It is not about 1+1=2 (functional deterministic), it is about ensuring this calculation in a predefined time deterministic. Due to that a generic realtime does not exist. It is always in context of a specific timing question. Multiple notions of realtime used to describe how good the demands are meet:
Due to https://design.ros2.org/articles/realtime_background.html#memory-management :
- Hard real-time software systems have a set of strict deadlines, and missing a deadline is considered a system failure
- Soft real-time systems try to reach deadlines but do not fail if a deadline is missed. However, they may degrade their quality of service in such an event to improve responsiveness.
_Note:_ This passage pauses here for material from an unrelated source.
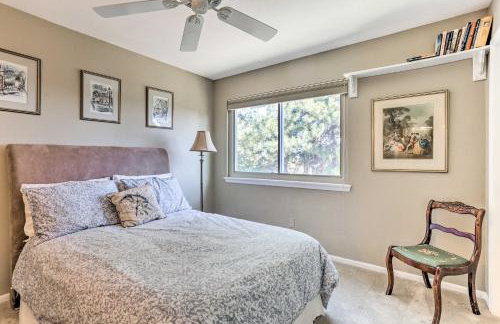 Near Shops & Eats! Centennial Home w/ Sunroom - Foto 24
- Firm real-time systems treat information delivered/computations made after a deadline as invalid. Like soft real-time systems, they do not fail after a missed deadline, and they may degrade QoS if a deadline is missed.
Functional and time deterministic have one common aspect: correctness. If e.g. the execution miss a time slot it might lead to an error condition.
Linux PREEMPT reaches realtime via
- preemption support for critical sections (from Spinlock to RTMutex)
- preemption support for interrupts – keyword is latency when hardware wake up a kernel task (Interrupt Latency, Scheduling Latency)
- blocking of e.g. slow Intel MMX and SSE processor operations
- blocking of swap operations, because loading data from disk is a slow and unpredictable operation.
Also check https://lwn.net/Articles/146861/
Due to https://design.ros2.org/articles/realtime_background.html#memory-management a program better supports realtime via:
- Dynamic memory allocation can cause poor real-time performance. Calls to malloc/new and free/delete will probably result in pagefaults.
- Additionally, the heap allocates and frees memory blocks in such a way that leads to memory fragmentation, which creates poor performance for reads and writes, since the OS may have to scan for an indeterminate amount of time for a free memory block.